Of course you can think by yourself and achieve results doing so, but the effort to polish the result for publication often makes it harder to understand and grasp. An incomplete and unpolished text still has the signs of work in it so that other people can grab it and take it further. If you are really interested in advancing thought and knowledge, you should immediately let loose even your weakest ideas, since it is possible that someone else would develop them further than the originator of the idea ever could.
Besides, if it was made clear in the world of ideas that all thoughts always originate from somewhere else, they would (assuming there really is something to them) be developed collectively by making minor additions, then perhaps people would lose their authoritarian worship of "creative" and "talented" people.

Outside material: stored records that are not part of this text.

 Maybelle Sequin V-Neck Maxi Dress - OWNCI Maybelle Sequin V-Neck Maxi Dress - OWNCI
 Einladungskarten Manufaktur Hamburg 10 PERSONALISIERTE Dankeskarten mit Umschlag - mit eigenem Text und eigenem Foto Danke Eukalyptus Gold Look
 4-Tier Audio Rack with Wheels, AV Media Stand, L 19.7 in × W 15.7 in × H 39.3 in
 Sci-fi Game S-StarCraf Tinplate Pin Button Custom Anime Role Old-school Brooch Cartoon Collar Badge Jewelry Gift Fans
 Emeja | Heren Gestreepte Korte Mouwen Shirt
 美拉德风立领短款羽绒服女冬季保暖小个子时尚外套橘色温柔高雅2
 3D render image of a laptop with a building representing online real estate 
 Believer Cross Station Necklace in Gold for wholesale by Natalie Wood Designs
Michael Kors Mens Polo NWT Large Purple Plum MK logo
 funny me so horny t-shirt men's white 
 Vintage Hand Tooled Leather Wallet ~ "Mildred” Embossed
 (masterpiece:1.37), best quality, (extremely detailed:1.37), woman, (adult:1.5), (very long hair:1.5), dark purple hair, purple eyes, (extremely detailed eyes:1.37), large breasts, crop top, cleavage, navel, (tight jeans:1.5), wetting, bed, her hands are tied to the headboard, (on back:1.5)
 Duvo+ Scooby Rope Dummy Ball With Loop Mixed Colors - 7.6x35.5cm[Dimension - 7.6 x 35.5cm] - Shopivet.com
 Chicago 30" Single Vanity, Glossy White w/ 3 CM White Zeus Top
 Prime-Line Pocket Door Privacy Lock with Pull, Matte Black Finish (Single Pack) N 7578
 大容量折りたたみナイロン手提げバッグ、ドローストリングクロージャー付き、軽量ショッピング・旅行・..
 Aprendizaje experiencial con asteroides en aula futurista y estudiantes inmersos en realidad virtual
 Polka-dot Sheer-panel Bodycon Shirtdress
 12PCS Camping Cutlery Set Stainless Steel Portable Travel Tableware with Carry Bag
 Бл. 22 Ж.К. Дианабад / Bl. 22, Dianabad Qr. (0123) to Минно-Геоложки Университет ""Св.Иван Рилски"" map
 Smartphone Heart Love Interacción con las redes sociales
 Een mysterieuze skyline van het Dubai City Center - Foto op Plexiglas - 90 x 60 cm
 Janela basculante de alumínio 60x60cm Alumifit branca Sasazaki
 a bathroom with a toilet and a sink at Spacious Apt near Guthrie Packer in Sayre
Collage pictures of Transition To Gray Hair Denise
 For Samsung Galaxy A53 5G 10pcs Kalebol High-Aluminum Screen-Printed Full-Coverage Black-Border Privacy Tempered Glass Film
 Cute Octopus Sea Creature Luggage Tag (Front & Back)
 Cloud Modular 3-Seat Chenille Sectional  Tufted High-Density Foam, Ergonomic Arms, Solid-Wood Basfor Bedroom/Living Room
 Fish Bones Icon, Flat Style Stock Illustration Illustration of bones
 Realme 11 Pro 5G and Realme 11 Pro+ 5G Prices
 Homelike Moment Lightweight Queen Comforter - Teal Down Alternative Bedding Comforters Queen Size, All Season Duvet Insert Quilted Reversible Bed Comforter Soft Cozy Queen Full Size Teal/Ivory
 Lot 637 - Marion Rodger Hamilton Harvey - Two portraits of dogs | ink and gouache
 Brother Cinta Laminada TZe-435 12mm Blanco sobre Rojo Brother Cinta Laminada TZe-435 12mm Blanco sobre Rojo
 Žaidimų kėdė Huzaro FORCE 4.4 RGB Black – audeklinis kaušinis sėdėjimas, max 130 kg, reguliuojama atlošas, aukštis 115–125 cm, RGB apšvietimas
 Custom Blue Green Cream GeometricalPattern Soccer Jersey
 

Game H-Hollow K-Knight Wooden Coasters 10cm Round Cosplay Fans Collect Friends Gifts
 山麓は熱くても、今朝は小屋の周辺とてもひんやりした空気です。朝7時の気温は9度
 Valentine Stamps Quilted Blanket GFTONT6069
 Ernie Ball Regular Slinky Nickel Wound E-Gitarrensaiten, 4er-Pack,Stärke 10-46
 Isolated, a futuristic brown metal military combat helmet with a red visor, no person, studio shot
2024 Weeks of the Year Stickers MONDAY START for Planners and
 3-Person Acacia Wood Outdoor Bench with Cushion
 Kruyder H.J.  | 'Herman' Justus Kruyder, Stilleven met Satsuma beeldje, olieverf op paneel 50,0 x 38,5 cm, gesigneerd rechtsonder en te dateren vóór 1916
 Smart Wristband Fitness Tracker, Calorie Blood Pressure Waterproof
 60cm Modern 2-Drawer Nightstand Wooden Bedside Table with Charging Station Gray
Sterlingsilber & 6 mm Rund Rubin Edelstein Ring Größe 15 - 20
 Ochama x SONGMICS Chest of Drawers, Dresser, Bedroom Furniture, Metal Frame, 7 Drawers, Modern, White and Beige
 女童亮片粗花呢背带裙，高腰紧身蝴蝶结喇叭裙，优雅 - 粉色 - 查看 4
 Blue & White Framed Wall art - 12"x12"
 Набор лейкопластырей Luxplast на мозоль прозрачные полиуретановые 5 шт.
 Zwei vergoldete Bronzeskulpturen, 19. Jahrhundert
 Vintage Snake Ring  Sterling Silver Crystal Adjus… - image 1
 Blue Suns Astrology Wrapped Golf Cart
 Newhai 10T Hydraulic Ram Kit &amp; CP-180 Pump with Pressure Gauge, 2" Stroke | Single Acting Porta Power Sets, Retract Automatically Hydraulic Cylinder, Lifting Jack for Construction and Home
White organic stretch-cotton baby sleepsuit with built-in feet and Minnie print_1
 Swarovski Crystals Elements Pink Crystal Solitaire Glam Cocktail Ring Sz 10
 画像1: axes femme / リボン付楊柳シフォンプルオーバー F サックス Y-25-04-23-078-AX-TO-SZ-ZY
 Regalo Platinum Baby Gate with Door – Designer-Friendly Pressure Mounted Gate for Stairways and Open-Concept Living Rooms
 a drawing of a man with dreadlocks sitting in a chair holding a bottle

Even though it is wise to respect people who are smarter than you, smart people are often tempted to bask in the social attention that shines on their achievements. As fun as this would be, it advances the fallacy of authority, which in turn makes it harder for people to understand the fact that the truth of a claim is determined only by the objective reality that is independent of our wishes, and some claim is either true or false independent of who makes it.
Perhaps the reader can guess from this why I always emphasize that I am stupid, ugly, a failure and wrong in every topic. I have thought about becoming anonymous for moral reasons, but I haven't been able to solve a few problems:
- It would be unfair to discuss known people behind the shield of anonymity.
- My personality is a factor that helps the reader to interpret my texts.
- Even if I became anonymous, my style of writing is so well-known that I would be immediately revealed.